(Short web captions)
---+---
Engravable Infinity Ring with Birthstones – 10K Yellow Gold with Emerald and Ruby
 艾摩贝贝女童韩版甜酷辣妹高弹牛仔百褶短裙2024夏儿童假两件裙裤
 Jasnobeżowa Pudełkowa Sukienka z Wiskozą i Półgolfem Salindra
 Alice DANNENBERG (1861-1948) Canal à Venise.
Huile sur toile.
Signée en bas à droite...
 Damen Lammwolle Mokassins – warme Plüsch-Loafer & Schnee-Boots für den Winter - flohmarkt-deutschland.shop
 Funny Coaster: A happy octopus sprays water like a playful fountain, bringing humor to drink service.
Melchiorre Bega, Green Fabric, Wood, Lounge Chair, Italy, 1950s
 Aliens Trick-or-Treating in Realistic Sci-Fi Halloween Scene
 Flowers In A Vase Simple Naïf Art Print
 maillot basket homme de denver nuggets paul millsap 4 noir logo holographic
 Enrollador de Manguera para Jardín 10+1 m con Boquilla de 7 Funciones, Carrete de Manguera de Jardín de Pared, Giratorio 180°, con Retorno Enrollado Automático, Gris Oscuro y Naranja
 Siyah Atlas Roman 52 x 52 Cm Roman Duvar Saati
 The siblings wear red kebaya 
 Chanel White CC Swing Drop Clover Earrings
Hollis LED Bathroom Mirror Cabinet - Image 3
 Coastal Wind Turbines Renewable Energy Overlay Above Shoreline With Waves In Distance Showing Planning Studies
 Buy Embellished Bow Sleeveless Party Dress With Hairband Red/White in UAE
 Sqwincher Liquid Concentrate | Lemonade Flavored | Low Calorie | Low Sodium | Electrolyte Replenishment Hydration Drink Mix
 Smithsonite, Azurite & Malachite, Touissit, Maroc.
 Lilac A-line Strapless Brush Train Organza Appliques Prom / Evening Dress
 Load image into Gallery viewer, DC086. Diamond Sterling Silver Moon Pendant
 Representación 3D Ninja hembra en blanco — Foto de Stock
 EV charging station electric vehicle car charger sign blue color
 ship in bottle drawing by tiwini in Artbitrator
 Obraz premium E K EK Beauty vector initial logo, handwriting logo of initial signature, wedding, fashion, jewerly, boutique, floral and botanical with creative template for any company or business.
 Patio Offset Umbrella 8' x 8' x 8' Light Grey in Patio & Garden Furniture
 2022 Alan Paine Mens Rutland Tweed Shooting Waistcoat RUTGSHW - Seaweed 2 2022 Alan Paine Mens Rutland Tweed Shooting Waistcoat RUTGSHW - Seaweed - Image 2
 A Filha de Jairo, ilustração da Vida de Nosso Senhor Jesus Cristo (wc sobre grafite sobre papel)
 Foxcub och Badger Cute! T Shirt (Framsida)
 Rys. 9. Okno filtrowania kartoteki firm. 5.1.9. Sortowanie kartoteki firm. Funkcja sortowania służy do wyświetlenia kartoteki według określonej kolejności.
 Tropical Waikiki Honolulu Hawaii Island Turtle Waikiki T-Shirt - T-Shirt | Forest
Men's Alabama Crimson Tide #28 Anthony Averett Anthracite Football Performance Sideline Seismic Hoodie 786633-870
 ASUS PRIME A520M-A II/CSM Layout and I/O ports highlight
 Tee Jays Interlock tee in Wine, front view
---+---
**Brief**
Select and copy every line from the records that includes the word "Dress".

**Result for this exercise**
 Buy Embellished Bow Sleeveless Party Dress With Hairband Red/White in UAE
 Lilac A-line Strapless Brush Train Organza Appliques Prom / Evening Dress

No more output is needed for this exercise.